Among the most controversial proposals in the district local plan - the blueprint for development in the area up to the year 2011 - is an allocation of land north of Brislands Lane as the site for 150 new houses.
The stretch of land in question runs from alongside Four Marks' recreation ground through to the back of houses in Winchester Road.
Mrs Storey, who has already been successful in "a terrific battle" to bring the number of houses allocated from 200 down to 150, points to information included in EHDC's questionnaire "Your area, your future".
This document, circulated to all households in the district in May 1998, formed the part of the basis from which the draft of the new plan was formulated.

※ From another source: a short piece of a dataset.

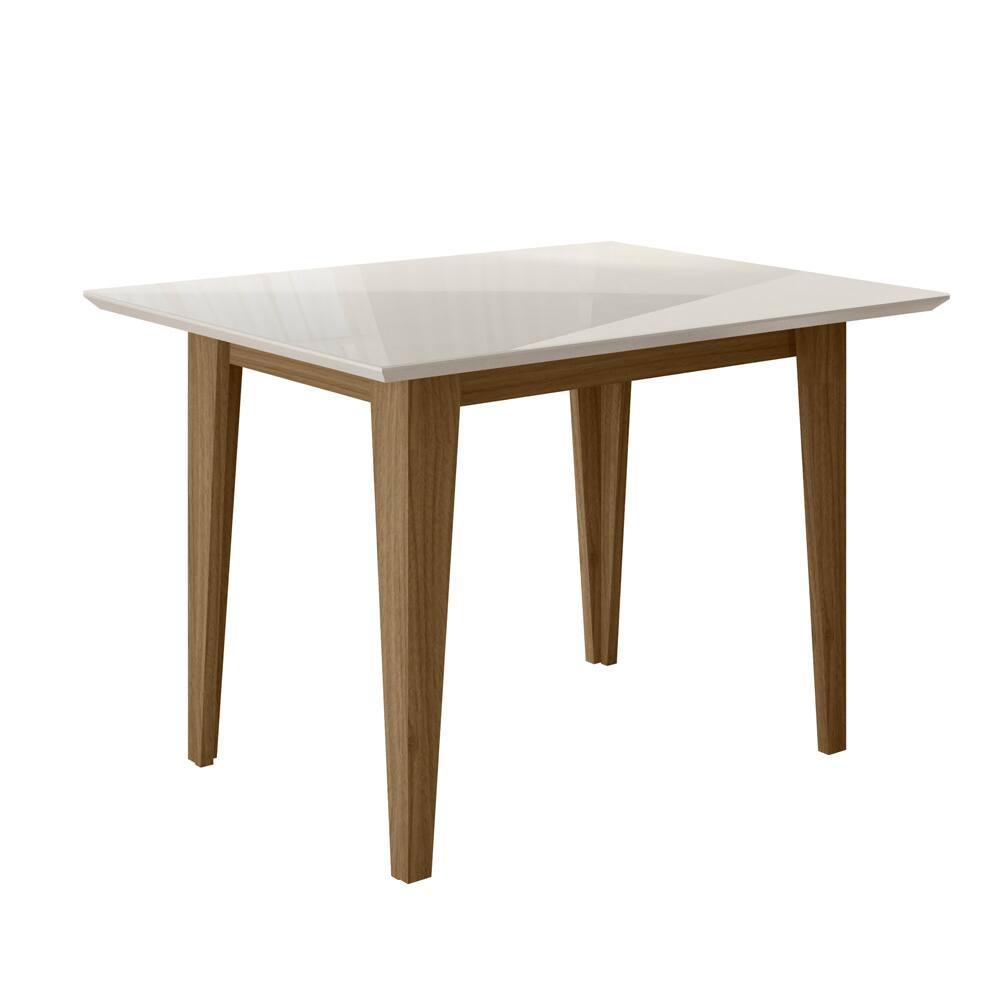 Mesa de Jantar Retangular Poliman Belle com Tampo de Vidro e 4 Cadeiras Revestidas em Suede - 3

It had been suggested that 200 houses were to be shared between Four Marks and Medstead, she said. "If the idea had been put for another lump of development in Four Marks, which I believe is wrong, I feel it would have brought a far greater response.

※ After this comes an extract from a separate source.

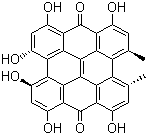 结构式 CAS# 548-04-9, 金丝桃素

"By putting them all in Four Marks you are going to overload the facilities" (such as the school and the village hall) "many of which have been provided by the hard work of local residents."
If the proposed development were to be spread between the villages it would have the beneficial effect of boosting local shops, schools and so forth while not threatening the character of the rural area.
"There are many sites within Medstead quite close to facilities in the centre of the village - and they have a better bus service than we have," she said.
"To put it all into Four Marks is just going to destroy the whole character of the area - not to mention the devastating effect of extra traffic on the lanes and roads.
"The actual land area of Four Marks is very small, the fourth smallest parish in the district, but we are getting developed as one of the larger settlements - only because we have been targeted with development previously."
Past experience has made parish council chairman Peter Hobbs cynical about the number of houses the village is actually likely to end up accommodating.
In the period of the previous local plan (up to 2001) the proposed 125 dwellings had in fact mushroomed to permission being given for 291, he pointed out, "of which only about 25 can be said to relate to permission granted for an earlier period.
"Development since 1991 represents a staggering increase in a village with few employment opportunities and minimal public transport and has exacerbated the rapid trend towards a totally dormitory settlement where the inhabitants have to rely on the motor car in order to travel to schools, shops, work, surgeries and so on."
Government policy is for sustainable development and a reduction of use of the car, he pointed out. The Four Marks proposals run contrary to this guidance.